The morphology and the surface feature of prepared samples are assessed by SEM (Fig. 2), BET (Fig. 3a), and pHpzc (Fig. 3b). The ZnO nanoparticles are monodisperse, fairly homogeneous, and rather loosely bound (Fig. 2a). But, in the Cu-doped ZnO materials (Fig. 2b, c, d), the particles are bigger size and agglomerated into a block, including pyramidal and smaller blocks that undefined shape. The higher the Cu content, the pyramidal blocks tent to be longer and narrower in width. This agglomeration can increase the porosity of the system, which also becomes available adsorption sites and enhances the available adsorption capacity. The morphology analysis is consistent with the results obtained from the BET analyses [51] and the following adsorption experimental results.

Fig. 2
figure 2

SEM image of prepared materials: (a) ZnO, (b) ZSCu1, (c) ZSCu5, (d) ZSCu10

Fig. 3
figure 3

(a) Nitrogen adsorption isotherm of ZnO and ZSCu10 and (b) the change of pH for determining the pHpzc of ZSCu10

Figure 3a shows the N2 adsorption/desorption isotherms for the prepared ZnO and ZSCu10; the isotherm linear plots were of type V, which indicated the ZnO and ZSCu10 particles are both meso-porous a structure [52]. The BET surface area (m2/g), pore volumes (cm3/g), and pore diameter (nm) are found to be about 8.58, 0.048, and 28.90 for ZnO and 11.05, 0.057, and 33.74 for ZSCu10. The doping of ZnO by Cu leads to the change in the structure of ZnO [53], and the P. chaudocanum L. leaves extract with complex organic ingredients (phenolic, flavonoid groups, …) not only acted as a complexing agent with metal ions but also acted as a surfactant. These mechanisms had contributed to the reduced agglomeration of initial ZnO blocks, making them more porous, and specific surface area increased [54].
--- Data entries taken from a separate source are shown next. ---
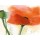 Gerd Pflumm, Faszination Mohn III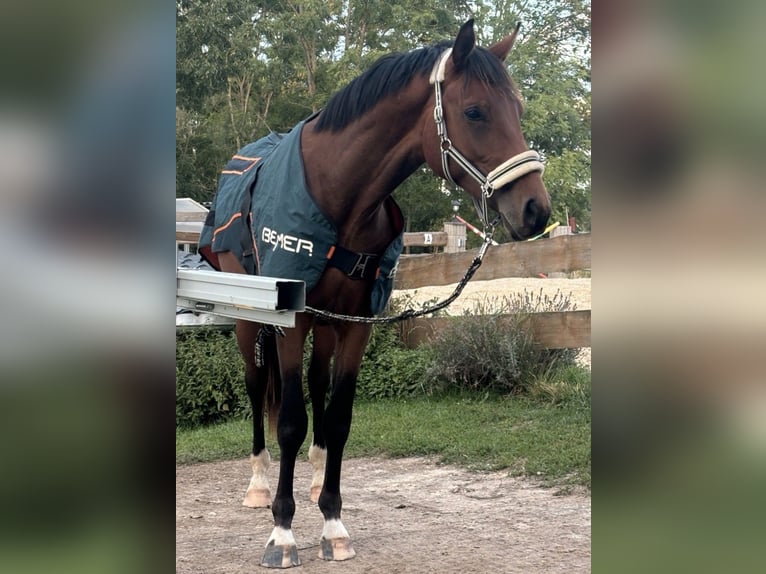 Cheval de sport allemand Étalon 3 Ans 166 cm Bai in Hainichen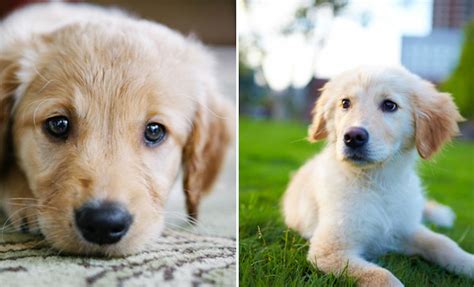 Golden retriever puppies are adorable, playful and smart. 12 Pictures Of Golden Retriever Puppies To Instantly ...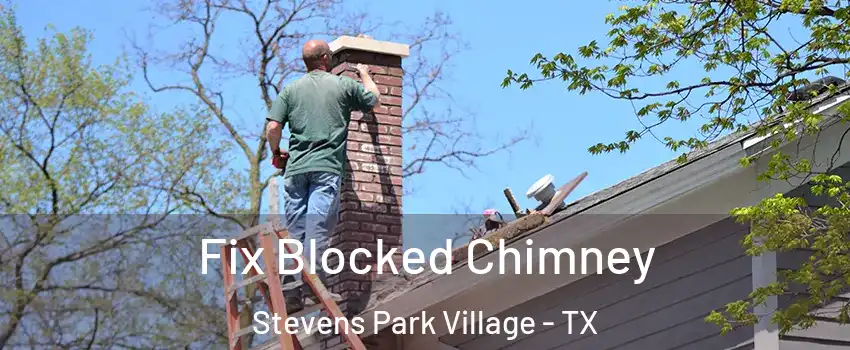 Fix Blocked Chimney Stevens Park Village - TX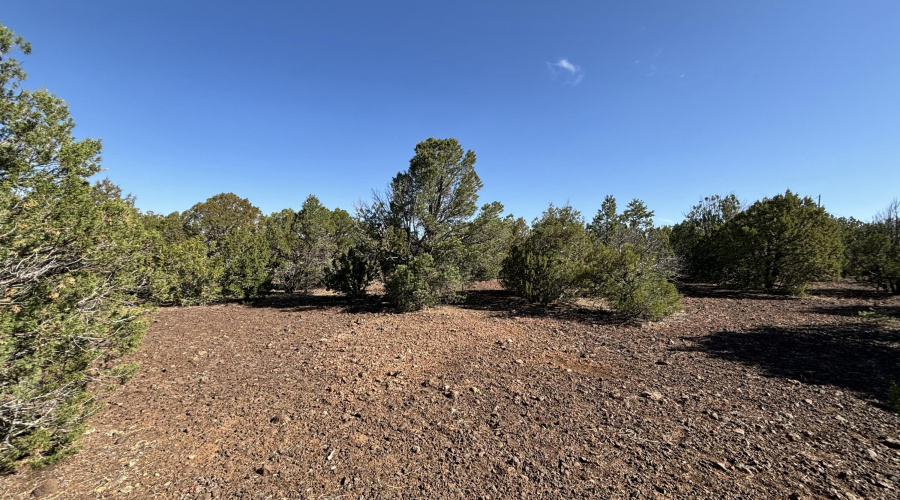 Plenty of Build Site Available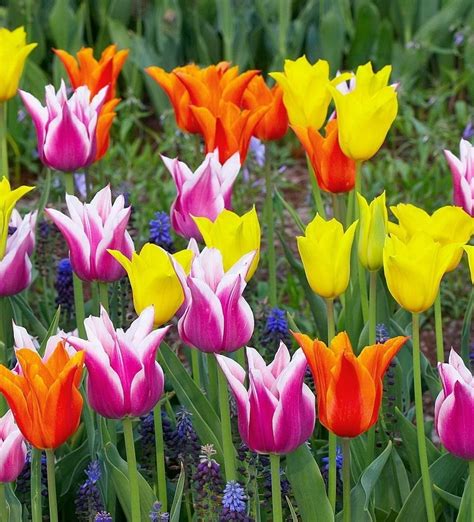 Beautiful Tulips Flowers Photo 33875500 Fanpop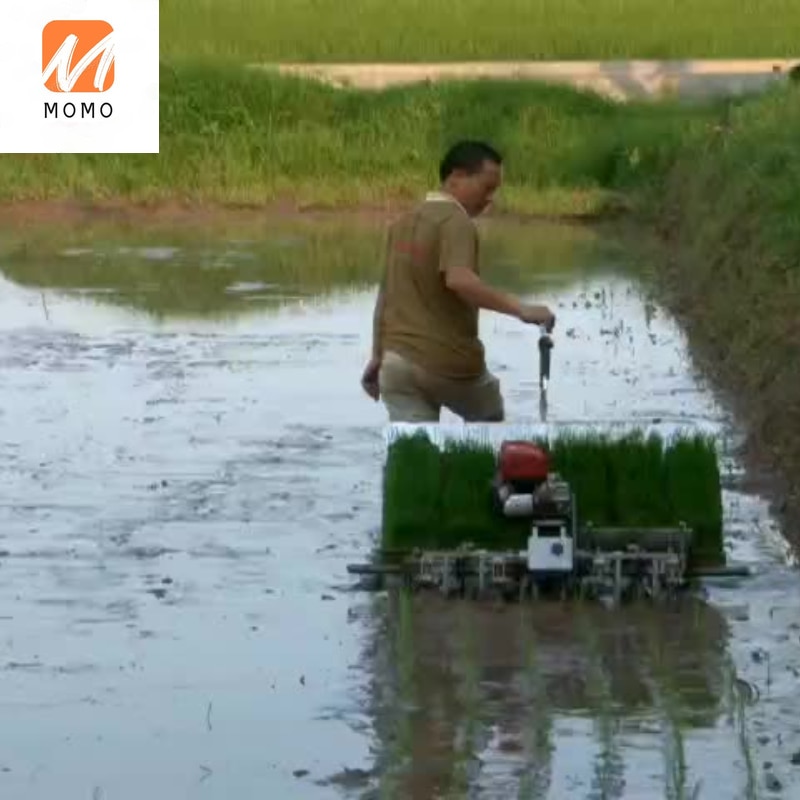 2020 New Walk-Behind Manual 6 Rows Paddy Rice Planting Machineb Walking Manual Paddy Rice Transplanter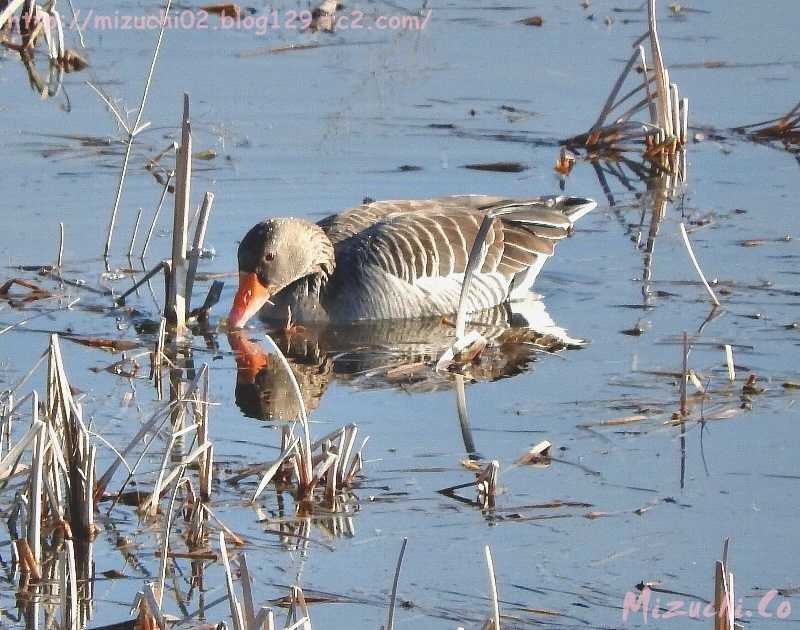 Greylag Goose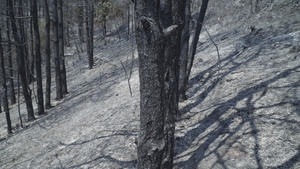 火烧树木和灰灰覆盖的地上被灰灰烟覆盖着17秒视频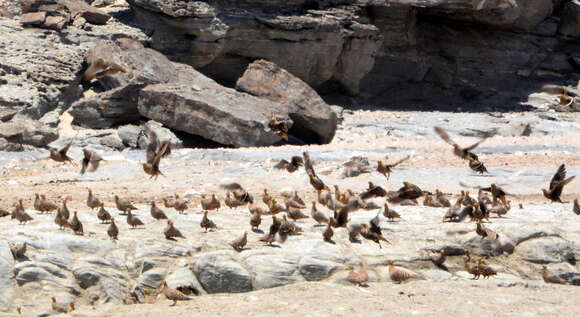 Image of Namaqua Sandgrouse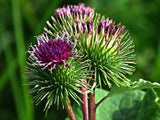 Les feuilles et les fleurs de bardane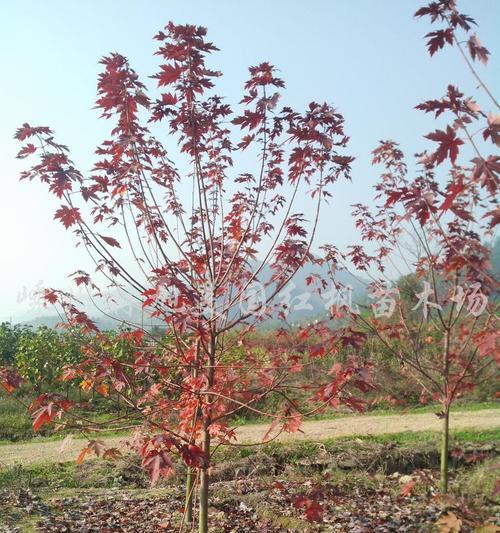 红枫种子种植方法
The pHpzc is an important characteristic of adsorbents. Figure 3b shows that the point zero charge of ZSCu10 is 8.8. It means that the surface charge of ZSCu10 is positive and vice versa at a solution pH less than 8.8. As pH increases, the surface positive charge is decreased, while the surface negative charge shows an opposite trend. This result is similar to ZnO which was synthesized by extract of Saccharomyces cerevisiae [40].

Adsorption studies

The effect of factors on adsorption is first studied as the solution pH: 5 mg ZSCu5 is added to 10 mL of 20 ppm Cu (II) solution pH from 3 to 7, shaken for 3 h at 22 °C. The experimental results are shown in Fig. 4a. As pH increases, the removal of Cu (II) from the solution is increased. This result is consistent with the results of determining the pHpzc of the material: the surface charge of the adsorbent decreases gradually, changing from positive to negative as the pH increases, so that, at low pH, very few Cu (II) ions (positively charged) can be adsorbed because of electrostatic repulsion, and ZnO is partially dissolved. As the pH values increased, the electrostatic repulsion decreases, so the adsorption of Cu (II) ion into the adsorbent surface increases and reached maximum at pH 7.0. In this study, pH > 7 is not considered because of the formation of hydroxyl of the Cu (II). For this reason, the optimum pH is selected to be 7.0 for further experiments.

Fig. 4
figure 4

Copper removal efficiency by pH (a), time and doped Cu content (b), time and initial Cu (II) concentration (c), and time, temperature, and adsorbent dosage (d)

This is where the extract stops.